In relation to the Review, the government recognises that new technologies, such as automatic switching services and utility management services, have the potential to address many of the problems faced by consumers in regulated markets. However, these innovative intermediary services require access to customer data, which is often locked away in a way that works against consumers and innovators. For example, development of these services can be constrained by difficulties in accessing data on consumers’ current tariffs, their usage and the other available deals in standard formats.

Aim and scope of the Review

The Review aims to build on existing data initiatives, such as open banking, midata and the UK’s Data Protection Act 2018, which introduced the right to data portability that allows consumers to have their personal data given to them or a third party of their choice in a commonly used, machine-readable format.

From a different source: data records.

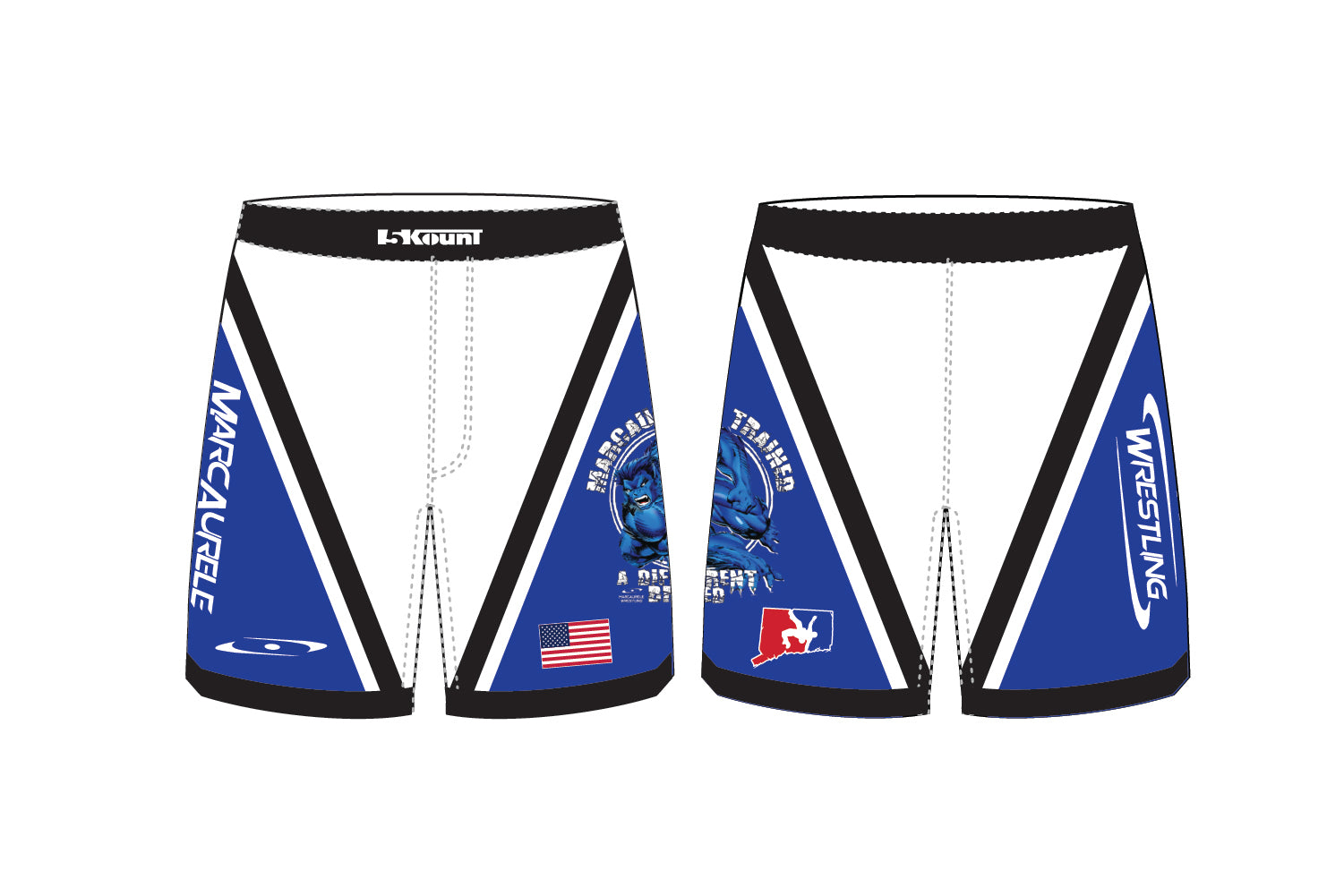Marcaurele Wrestling Sublimated Shorts - White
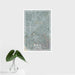 16x24 Irvine California Map Print Portrait Orientation in Afternoon Style With Tropical Plant Leaves in Water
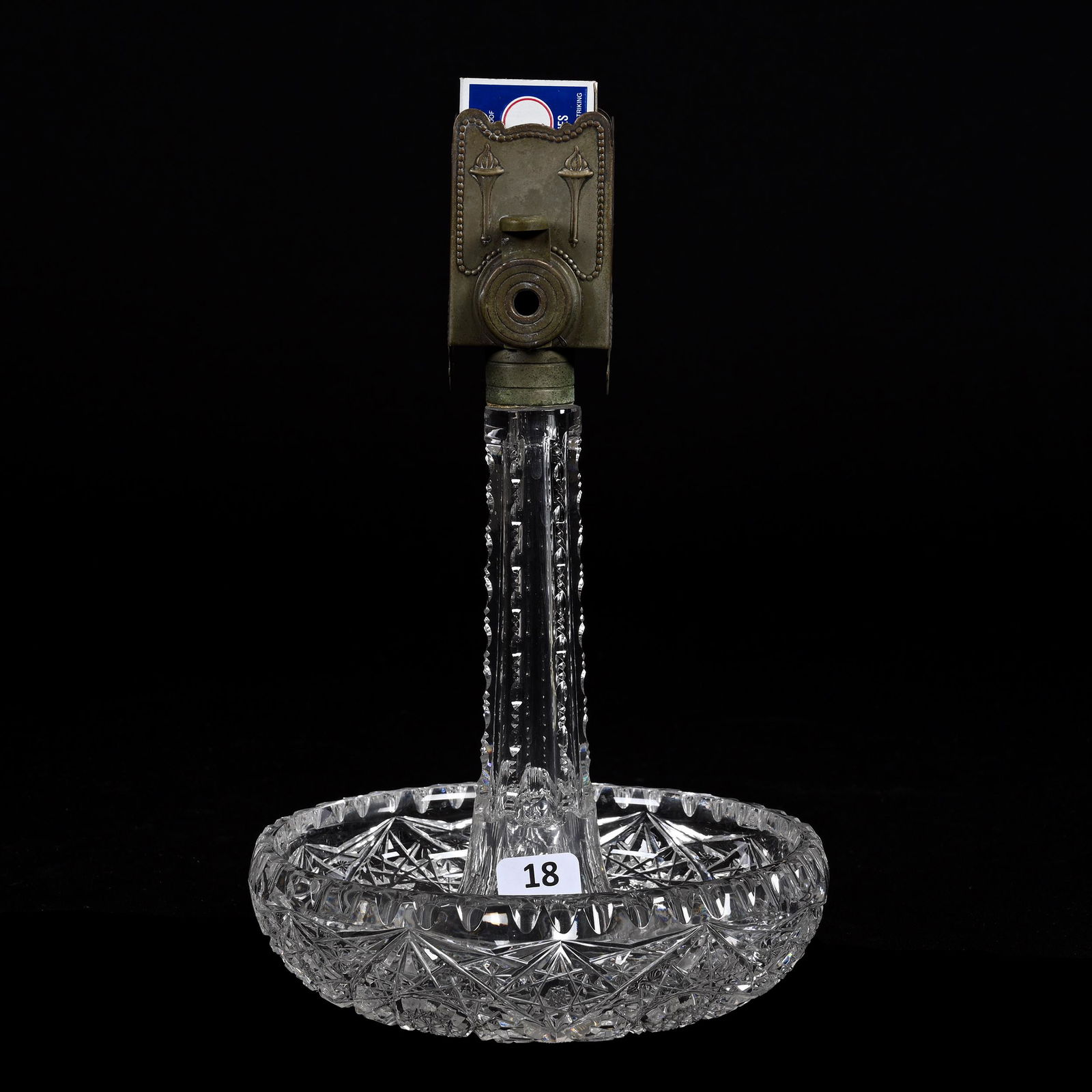 Matchbox Holder/Ashtray, ABCG: Matchbox Holder/Ashtray, American Brilliant Cut Glass, 9.25" x 6.25", Hobstar And Strawberry Diamond Motif, Tarnished Metal Matchbox Holder With Tobacco Cutter, Texas Private Collection.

The Review will focus on how data portability can be used to improve the consumer experience in regulated markets. Specifically, the Review will identify the steps that the government, regulators and others need to take to:

  • Accelerate the development of innovative intermediary and other services.
  • Ensure that a wide range of consumers can benefit from those services, not just the digitally savvy.
  • Establish a regulatory and policy framework which builds consumer trust in data portability and innovative intermediaries.

Next steps

The government plans to consult with stakeholders, including developers, intermediaries, regulated companies, consumer organisations and charities throughout the Review. All interested parties are invited to register their interest at The government is particularly interested to hear from providers of innovative data-driven consumer services or those who are considering developing such a service. Conclusions and next steps will be announced in the first half of 2019.